In 1976 a memo sent from client to architect -lists various building components, such as steel lattice wall supports, steel staircases and prefabricated modules. The list includes names of suppliers and installers and stands as the most concrete evidence of anything resembling a brief or program. Price’s simple open frame and construction was well suited to ideas about flexible and socially serviceable architecture. However his off the shelf building strategy was not always able to accommodate some of the Trust’s programmatic changes. He voiced concern when Berman challenged the electrical and material capabilities by suggesting that the TV studios required air-conditioning and sound control. Although the accounts differ, the loose fit of component parts, never intended as an exacting plug-in assembly, were seen by the client as construction deficiencies while the architect understood them to be exactly what was required.
For Price the division of responsibilities was clear. Inter-Action Trust should ensure that their activities performed within specific requirements while the architect limited his duties to those of standard practice. Price maintained that architecture was a process of problem solving and flexible architecture did not imply a building that changed every time the client changed his mind about the program. Price and Berman did not always agree upon the definition of flexibility. For Price flexibility and adaptability were related to what he called operational use and not endless changes of mind about form and activities in advance of use. Flexibility was a constructional attribute, entailing a detailed specification to be followed by a contractor at a particular time.

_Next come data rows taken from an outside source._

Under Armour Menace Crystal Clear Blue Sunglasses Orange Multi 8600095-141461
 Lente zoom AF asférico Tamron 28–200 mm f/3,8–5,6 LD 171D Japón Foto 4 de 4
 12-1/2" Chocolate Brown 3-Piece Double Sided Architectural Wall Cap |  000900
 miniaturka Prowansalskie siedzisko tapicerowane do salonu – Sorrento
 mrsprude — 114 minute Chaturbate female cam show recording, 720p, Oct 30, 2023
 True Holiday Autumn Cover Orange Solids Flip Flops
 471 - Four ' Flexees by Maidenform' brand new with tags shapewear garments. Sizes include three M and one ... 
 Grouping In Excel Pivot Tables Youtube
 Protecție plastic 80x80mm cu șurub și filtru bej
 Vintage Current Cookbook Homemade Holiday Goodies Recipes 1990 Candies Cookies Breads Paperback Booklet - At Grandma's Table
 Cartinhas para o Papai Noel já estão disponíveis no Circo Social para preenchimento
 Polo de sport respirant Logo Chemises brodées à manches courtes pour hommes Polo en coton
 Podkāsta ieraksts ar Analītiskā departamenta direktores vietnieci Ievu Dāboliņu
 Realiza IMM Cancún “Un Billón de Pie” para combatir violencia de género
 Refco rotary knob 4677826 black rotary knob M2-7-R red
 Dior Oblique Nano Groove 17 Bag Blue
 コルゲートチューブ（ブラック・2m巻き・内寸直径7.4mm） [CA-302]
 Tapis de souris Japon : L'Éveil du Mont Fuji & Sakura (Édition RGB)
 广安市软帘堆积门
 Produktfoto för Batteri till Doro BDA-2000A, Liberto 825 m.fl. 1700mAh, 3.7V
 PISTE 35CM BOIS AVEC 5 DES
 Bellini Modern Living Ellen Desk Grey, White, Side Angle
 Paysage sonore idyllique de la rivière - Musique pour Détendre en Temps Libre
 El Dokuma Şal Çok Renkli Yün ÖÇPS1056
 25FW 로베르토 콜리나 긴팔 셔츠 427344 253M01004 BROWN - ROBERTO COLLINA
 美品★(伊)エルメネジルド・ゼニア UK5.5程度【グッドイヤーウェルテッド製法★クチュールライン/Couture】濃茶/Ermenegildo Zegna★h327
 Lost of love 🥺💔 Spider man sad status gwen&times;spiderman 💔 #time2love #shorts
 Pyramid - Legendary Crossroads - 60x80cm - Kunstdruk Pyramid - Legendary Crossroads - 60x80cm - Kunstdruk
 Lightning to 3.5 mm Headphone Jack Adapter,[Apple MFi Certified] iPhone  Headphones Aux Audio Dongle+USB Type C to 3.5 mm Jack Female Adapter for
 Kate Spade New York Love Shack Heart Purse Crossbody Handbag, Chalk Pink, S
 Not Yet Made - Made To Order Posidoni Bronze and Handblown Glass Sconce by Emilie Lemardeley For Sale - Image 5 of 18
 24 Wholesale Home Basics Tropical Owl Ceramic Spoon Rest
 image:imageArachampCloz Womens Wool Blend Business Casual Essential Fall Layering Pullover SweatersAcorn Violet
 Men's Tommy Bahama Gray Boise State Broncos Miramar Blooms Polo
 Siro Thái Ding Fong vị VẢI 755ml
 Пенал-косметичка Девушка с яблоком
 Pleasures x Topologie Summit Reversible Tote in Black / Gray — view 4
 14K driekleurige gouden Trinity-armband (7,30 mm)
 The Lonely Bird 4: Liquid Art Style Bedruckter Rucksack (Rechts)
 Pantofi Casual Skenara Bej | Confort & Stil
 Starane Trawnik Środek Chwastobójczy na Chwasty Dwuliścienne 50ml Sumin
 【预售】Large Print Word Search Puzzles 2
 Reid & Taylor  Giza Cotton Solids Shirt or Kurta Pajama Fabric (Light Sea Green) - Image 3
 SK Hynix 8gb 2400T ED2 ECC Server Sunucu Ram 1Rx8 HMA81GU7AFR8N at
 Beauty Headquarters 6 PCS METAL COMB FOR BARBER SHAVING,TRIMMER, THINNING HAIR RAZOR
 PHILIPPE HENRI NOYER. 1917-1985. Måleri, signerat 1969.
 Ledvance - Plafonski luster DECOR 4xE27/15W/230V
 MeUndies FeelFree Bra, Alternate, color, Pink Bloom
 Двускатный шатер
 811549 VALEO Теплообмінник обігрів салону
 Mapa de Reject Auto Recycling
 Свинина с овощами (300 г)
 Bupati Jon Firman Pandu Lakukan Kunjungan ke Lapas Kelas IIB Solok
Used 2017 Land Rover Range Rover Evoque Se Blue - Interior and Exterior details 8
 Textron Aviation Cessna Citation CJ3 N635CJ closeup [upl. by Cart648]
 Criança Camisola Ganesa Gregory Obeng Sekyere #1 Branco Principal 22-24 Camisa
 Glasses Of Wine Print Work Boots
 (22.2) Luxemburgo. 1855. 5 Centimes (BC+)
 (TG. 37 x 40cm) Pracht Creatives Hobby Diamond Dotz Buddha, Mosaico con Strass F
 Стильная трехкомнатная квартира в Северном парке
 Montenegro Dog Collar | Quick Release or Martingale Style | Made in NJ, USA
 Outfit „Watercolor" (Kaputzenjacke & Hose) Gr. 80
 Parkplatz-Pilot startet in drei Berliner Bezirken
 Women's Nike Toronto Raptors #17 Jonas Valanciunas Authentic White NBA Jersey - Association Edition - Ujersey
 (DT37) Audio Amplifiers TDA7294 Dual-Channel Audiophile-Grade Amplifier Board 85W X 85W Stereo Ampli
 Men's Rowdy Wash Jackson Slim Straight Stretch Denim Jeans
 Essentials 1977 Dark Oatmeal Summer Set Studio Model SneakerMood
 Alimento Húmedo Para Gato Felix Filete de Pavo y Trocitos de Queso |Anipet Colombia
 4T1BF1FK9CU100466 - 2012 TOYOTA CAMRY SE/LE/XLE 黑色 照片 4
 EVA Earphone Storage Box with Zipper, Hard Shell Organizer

Price’s belief in designing built environments capable of adapting to change challenged planners, architects and politicians for that matter, who thought it their job to determine specific functions for specific places or worse, sought to plan the future of the built environment in terms of permanent structures. Price had little patience for the problems of form or architectural communication through representation.. The over-estimation of form simply impeded the work toward social change. Adaptable and variable environments privileging user choice were possible without prejudice to building technologies. With the Potteries Thinkbelt, the Fun Palace projects, and evidenced at Inter-Action Center, neither the content, that is, the program or meaning, nor the forms of the built structures were permanent. The meaning of a community or a set of activities were not embedded in unchanging form since the possibilities for as yet unimagined social relations and thus social change were found in everyday use.